15:50:34 Bike ok, great.

15:50:47 Bike it's the calls i'm worried about, that's a fairly deep change

15:51:26 beach Bike: You are right that there may be no control path from the first instruction of a TAGBODY to the last one, but if you don't include some special kind of edge, aren't we going to have problems with ownership calculations again?

15:51:38 drmeister We can have multiple simultaneous readers.

15:52:00 beach I am still surprised those locks take that long.

15:52:28 beach I wonder whether a solution based on CAS or SLE could work.

15:52:32 drmeister There something called Read-Copy-Update that they start to describe here: https://www.youtube.com/watch?v=BcAED2f3z0I

15:52:59 beach Bike: The calls?

15:53:08 drmeister It's used in the Linux kernel for this purpose - lots of readers, occasional updating and you want reading to be very fast.
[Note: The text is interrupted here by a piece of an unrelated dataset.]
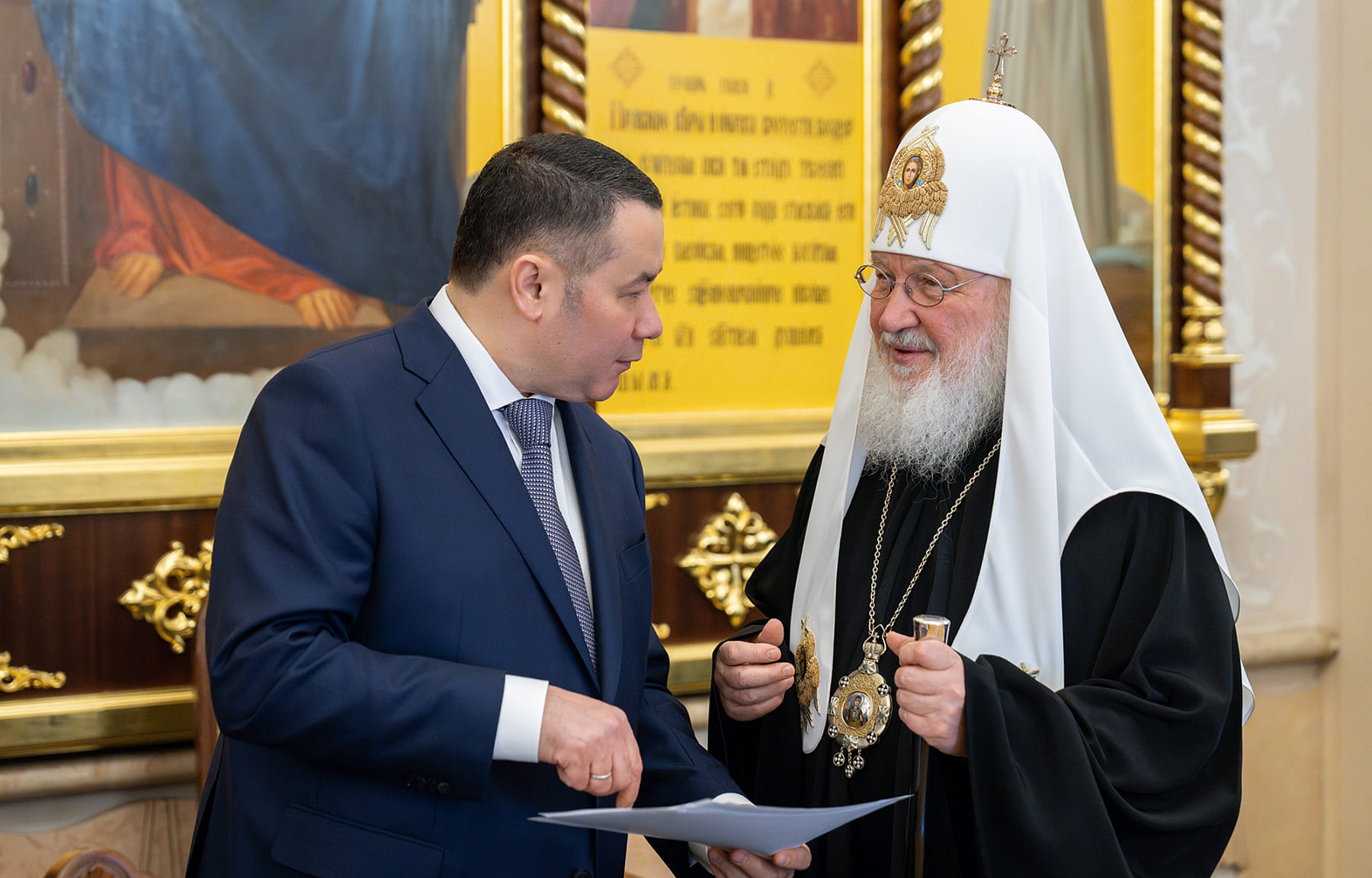 Губернатор Игорь Руденя принял участие в заседании оргкомитета празднования 100-летия со дня кончины святителя Тихона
15:53:09 Bike beach: I mean say we have (progn (tagbody loop ... (go loop)) (foo ...)) - the foo call is never actually reached so we don't have to worry about who owns it cos it's deleted. but in (progn (tagbody ... end) (foo ...)) the end tag will just have the foo call as a normal successor. so everything should be fine.

15:53:28 drmeister That lecture I just posted illustrates the problem with multiple-reader/writer locks.

15:53:30 Bike beach: passing the dynamic environment in calls

15:54:02 beach There might be a lot to change, sure.